Further recommended reading: "A Day of Fire," by Stephanie Dray, Ben Kane, et al. This novel by six authors, each with one character and one story, recreates the world and the event brilliantly. Tell them I sent you.
13 of 16 people found the following review helpful
on June 16, 2014
Imagine "Titanic" and "Gladiator" hooked up after a drunken tequila love-fest to spawn a deformed, mutant movie-child.

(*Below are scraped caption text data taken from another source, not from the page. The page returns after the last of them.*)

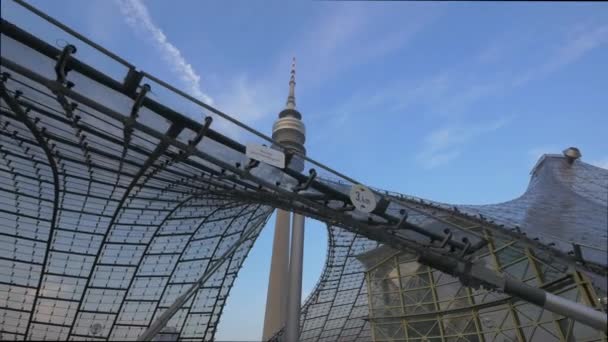Metalen Structuren Van Olympische Toren — Stockvideo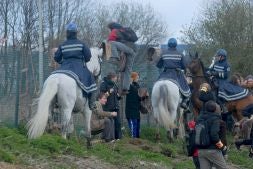 Una decena de españoles arrestados en una manifestación anti-OTAN.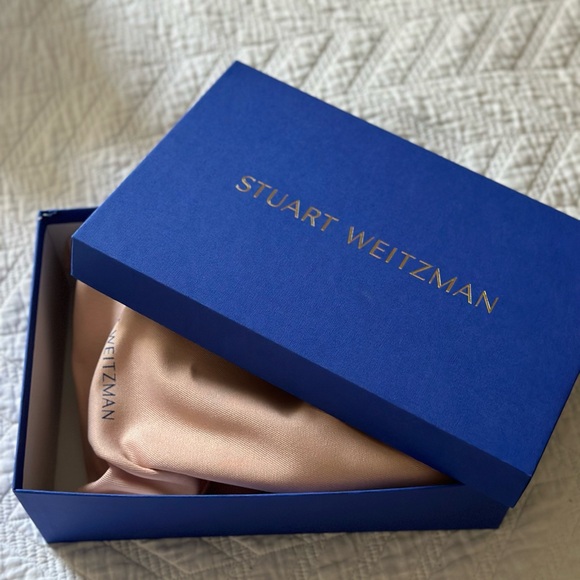 Stewart Weitzman: Nearlynude Strap Heel in Poudre Blush Pink - Picture 4 of 5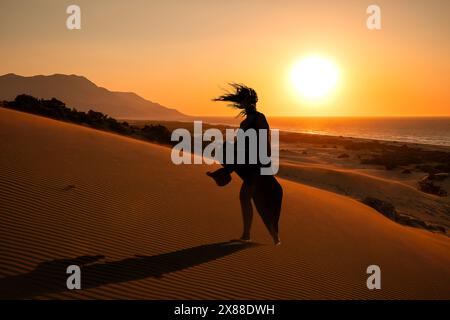 Somiglianti a un deserto, le dune di sabbia di Patara offrono un'esperienza indimenticabile sia con la sua vista che con l'antica città e la spiaggia intorno ad essa. Foto Stock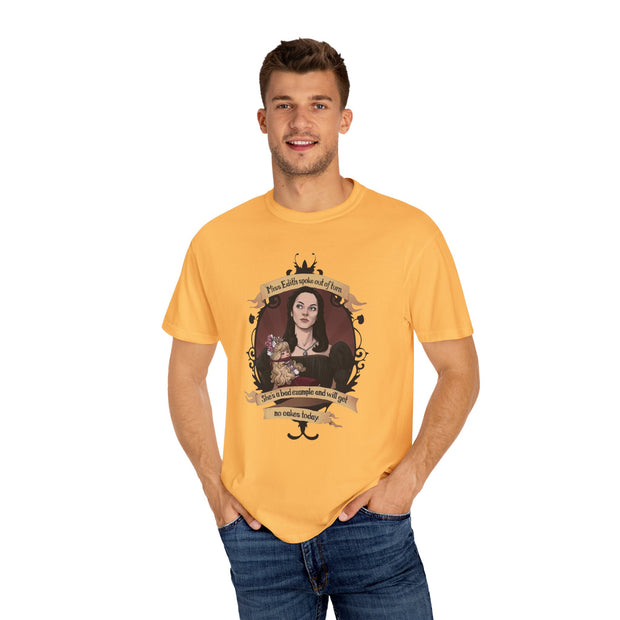 Gothic Fashion Tee - Darkly Elegant Unisex T-shirt for Halloween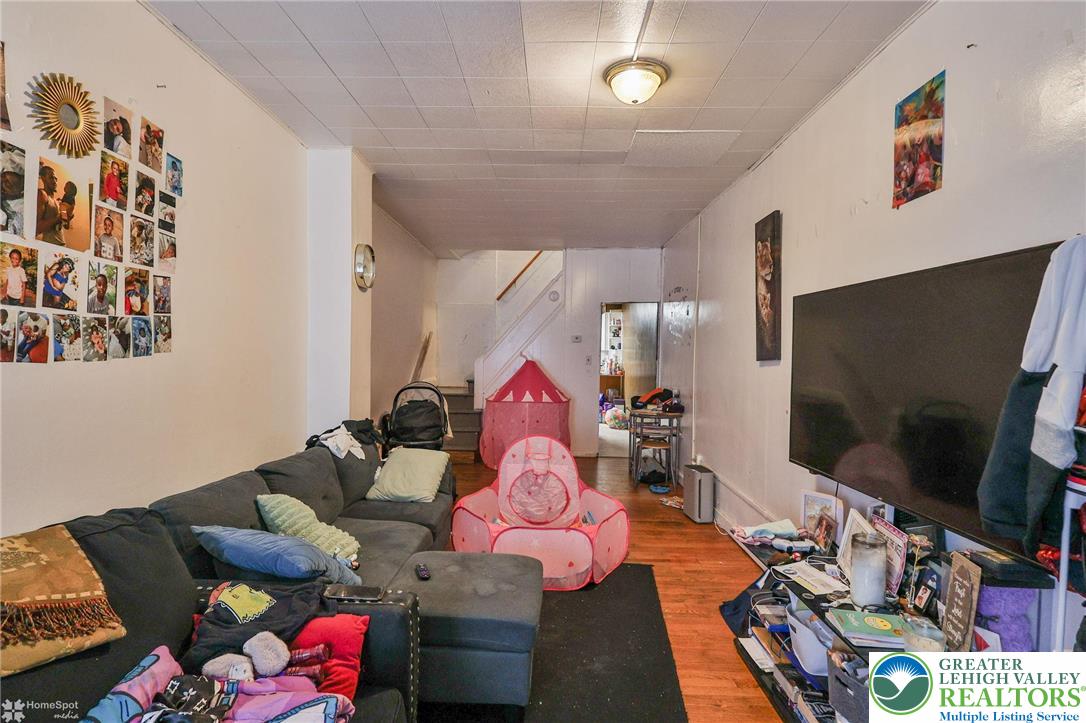 705 N Front St, Allentown City, PA 18102 photo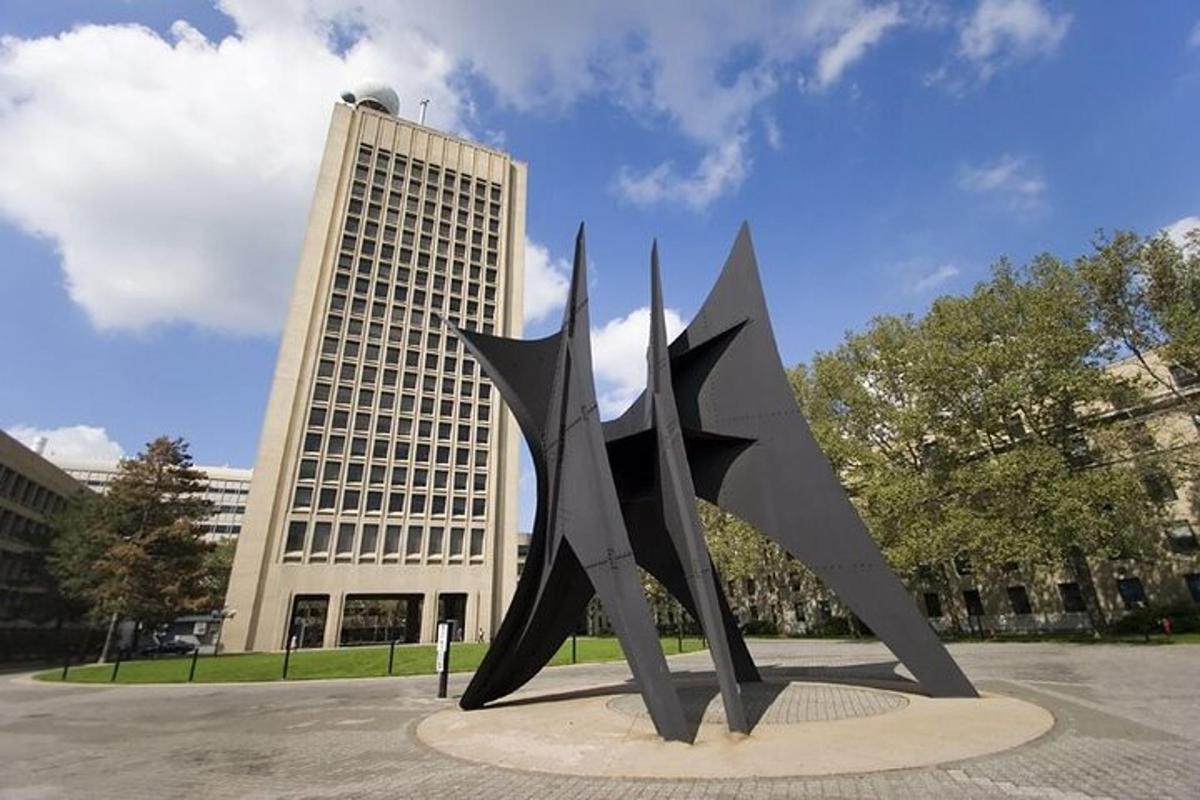 una scultura davanti a un edificio alto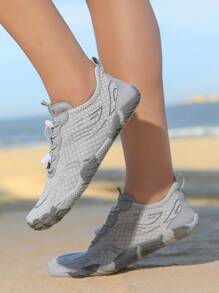 Men/Women Indoor Fitness Running Shoes, Soft Sole Driving, Beach Shoes, Fashion Sports Outdoor Shoes, Men Water Shoes, Aqua Shoes, Cross-Border Hot Selling Water Sports Shoes, Black/White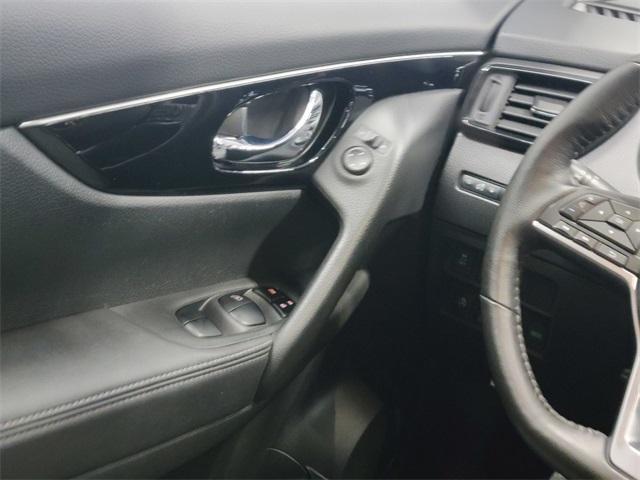 Photo of 2017 Brilliant Silver Nissan Rogue Sport
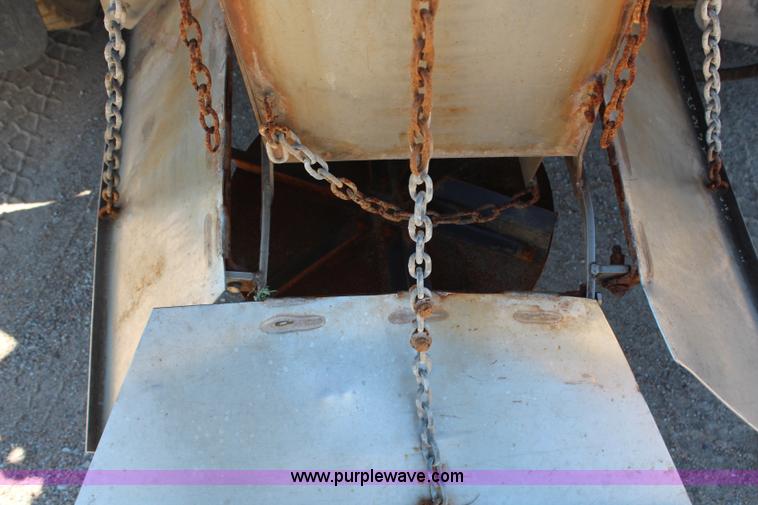 image for item H6999 1992 International 4900 semi truck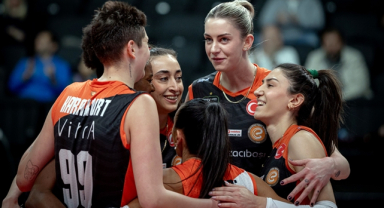 Göztepe karşısında 3 puan Eczacıbaşı Dynavit'in!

You may wonder how these two could possibly combine into a single entity -- but still try. Imagine a movie that has the sappy Romeo-and-Juliet, rich beauty falls for lowly commoner construct of Titanic; the angry, undefeatable, indefatigable slave-hero of Gladiator (complete with an African sidekick who saves the hero while pining for his family); the totally boring, one-dimensional meanie from either movie, entire scenes lifted from both movies, entire scenes lifted from the horse whisperer (whoops, that's TV). Now, mind you, this devil child possesses none of the interesting characteristics of its parents, none of their redeeming bits. No. Instead this wretched creature is crippled by inept writing, useless direction, pathetic acting (by actors out of their element in a kindergarten Christmas play), and of course, absolutely zero historical merit.
Can you imagine this pathetic thing? Well stop trying. The reality is that Pompeii is far worse than anything one could possibly imagine. There is nothing of any merit. Ed Wood's movies are better. Ed Wood at least tried. (Well, there's one redeeming part - the actual volcano is pretty cool. Maybe because it snuffs out all the whiny actors. Whoever did the CGI, you get the single star. Everything else was a complete waste of precious time.)
Or to put another way, I rented this movie for free with a Redbox coupon and I still got ripped off. If you must see it, best see it drunk out of your mind.